Architects Of A New Weave – Evergrey (5 juin)

Evergrey reste l’un des groupes les plus constants du metal progressif mélodique, avec un goût marqué pour les climats mélancoliques et les structures solides. Architects Of A New Weave prolonge cette identité, entre élégance, gravité et maîtrise.

Juillet

Splat! – Deep Purple (3 juillet)

Deep Purple arrive en juillet avec le poids d’une histoire immense, mais aussi avec cette longévité qui force le respect. Splat! rappelle que le hard rock classique continue d’exister non comme une relique, mais comme une langue encore parlée par ceux qui l’ont façonnée.
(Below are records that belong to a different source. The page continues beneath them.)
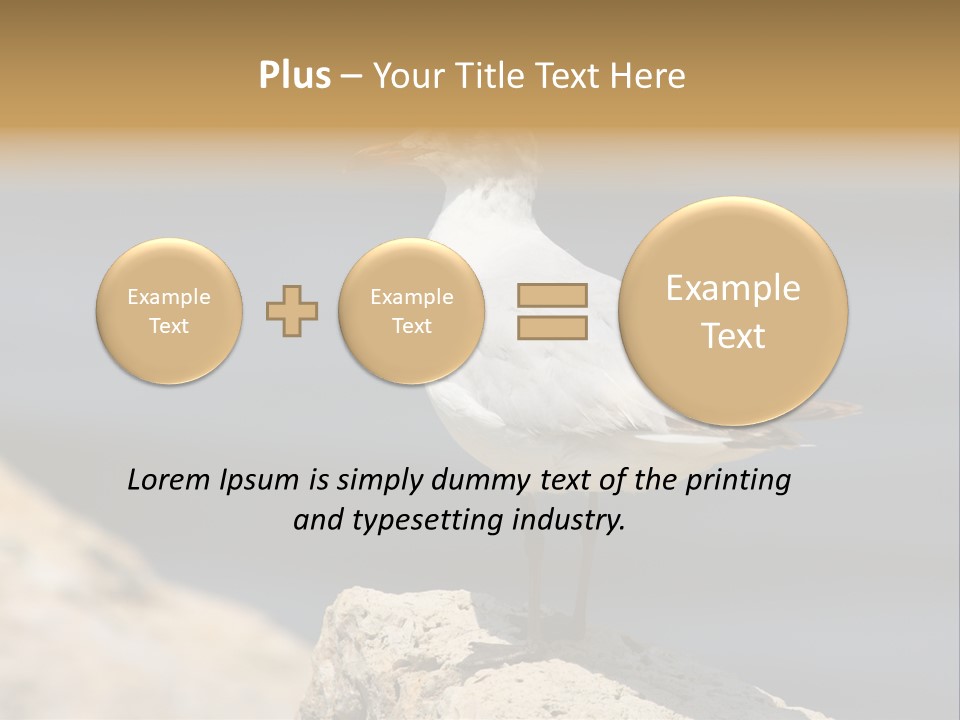 Species Mediterranean Birdwatching PowerPoint Template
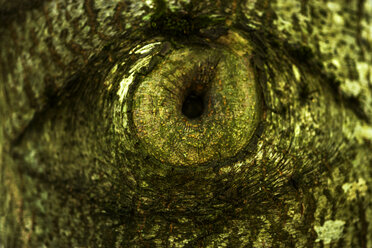 Tree eye of an oak, close-up - TCF004749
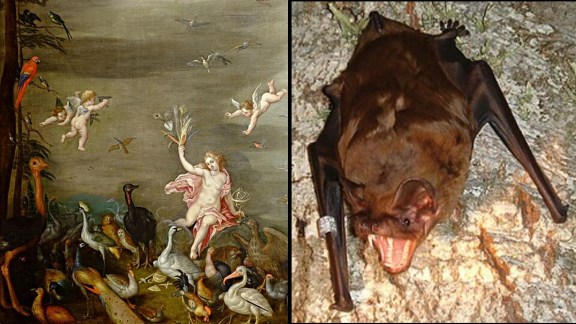 bat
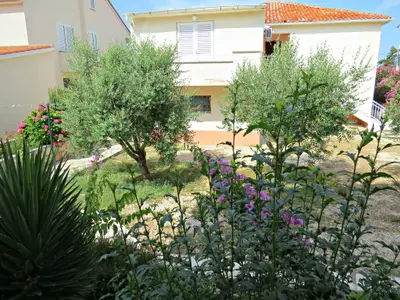 Ferienwohnung für 4 Personen (53 m²) in Novalja 5/10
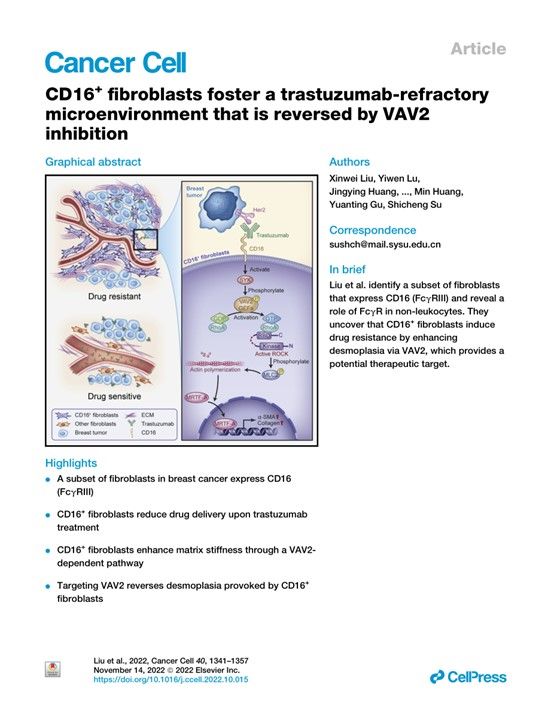 0C90B001F3532D24A65304A3534_69C432D7_F1A2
Far From God – Moonspell (3 juillet)

Moonspell referme cette sélection provisoire avec son goût habituel pour les atmosphères sombres, mélodiques et gothiques. Far From God apporte une conclusion idéale à ce premier panorama de 2026, parce qu’il incarne cette part plus nocturne et théâtrale du metal européen.

Un premier semestre qui donne le ton

Si tous ces disques ne tiendront pas forcément leurs promesses, une chose est déjà certaine : 2026 s’annonce comme un excellent cru pour les amateurs de rock et de metal. Entre légendes toujours actives, formations contemporaines au sommet de leur art et projets plus audacieux, cette première moitié d’année témoigne d’une scène toujours aussi vivante.

Reste désormais à voir si le second semestre saura maintenir ce niveau d’intensité, ou réserver quelques surprises supplémentaires.